For the entries below, repeat exactly each line starting with the one that contains "Halloween Irish Terrier" and going on through the one that contains "NEW Pink Rose", and no others.
Segment Start: Records for processing
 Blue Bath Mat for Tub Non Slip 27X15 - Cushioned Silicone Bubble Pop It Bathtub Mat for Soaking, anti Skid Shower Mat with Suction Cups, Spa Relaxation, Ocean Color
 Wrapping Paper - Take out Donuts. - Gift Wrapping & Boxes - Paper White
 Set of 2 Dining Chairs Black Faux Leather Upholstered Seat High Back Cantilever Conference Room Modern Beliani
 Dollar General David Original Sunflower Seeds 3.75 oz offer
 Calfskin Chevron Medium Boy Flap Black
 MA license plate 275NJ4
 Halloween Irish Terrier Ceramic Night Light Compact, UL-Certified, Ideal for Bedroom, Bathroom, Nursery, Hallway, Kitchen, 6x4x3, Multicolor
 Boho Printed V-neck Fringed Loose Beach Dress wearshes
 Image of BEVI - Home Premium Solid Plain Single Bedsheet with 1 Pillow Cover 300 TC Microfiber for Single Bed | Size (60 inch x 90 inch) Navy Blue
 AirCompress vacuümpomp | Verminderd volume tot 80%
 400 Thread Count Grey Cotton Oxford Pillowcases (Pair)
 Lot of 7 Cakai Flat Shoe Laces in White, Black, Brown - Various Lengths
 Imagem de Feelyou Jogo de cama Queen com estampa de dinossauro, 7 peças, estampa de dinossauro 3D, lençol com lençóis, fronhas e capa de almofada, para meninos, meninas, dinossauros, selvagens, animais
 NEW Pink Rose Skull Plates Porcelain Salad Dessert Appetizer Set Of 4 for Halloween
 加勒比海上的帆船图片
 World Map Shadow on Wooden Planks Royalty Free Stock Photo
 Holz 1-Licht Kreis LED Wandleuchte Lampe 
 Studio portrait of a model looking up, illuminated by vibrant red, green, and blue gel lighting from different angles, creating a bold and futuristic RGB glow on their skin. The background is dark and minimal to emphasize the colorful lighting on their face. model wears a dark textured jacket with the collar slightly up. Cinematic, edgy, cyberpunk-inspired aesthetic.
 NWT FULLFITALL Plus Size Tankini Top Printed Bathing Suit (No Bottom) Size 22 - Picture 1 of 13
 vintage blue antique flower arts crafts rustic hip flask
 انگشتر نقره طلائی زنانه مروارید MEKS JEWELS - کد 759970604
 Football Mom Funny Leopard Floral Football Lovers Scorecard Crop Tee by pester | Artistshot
Segment End: Records for processing
→ **Answer**
 Halloween Irish Terrier Ceramic Night Light Compact, UL-Certified, Ideal for Bedroom, Bathroom, Nursery, Hallway, Kitchen, 6x4x3, Multicolor
 Boho Printed V-neck Fringed Loose Beach Dress wearshes
 Image of BEVI - Home Premium Solid Plain Single Bedsheet with 1 Pillow Cover 300 TC Microfiber for Single Bed | Size (60 inch x 90 inch) Navy Blue
 AirCompress vacuümpomp | Verminderd volume tot 80%
 400 Thread Count Grey Cotton Oxford Pillowcases (Pair)
 Lot of 7 Cakai Flat Shoe Laces in White, Black, Brown - Various Lengths
 Imagem de Feelyou Jogo de cama Queen com estampa de dinossauro, 7 peças, estampa de dinossauro 3D, lençol com lençóis, fronhas e capa de almofada, para meninos, meninas, dinossauros, selvagens, animais
 NEW Pink Rose Skull Plates Porcelain Salad Dessert Appetizer Set Of 4 for Halloween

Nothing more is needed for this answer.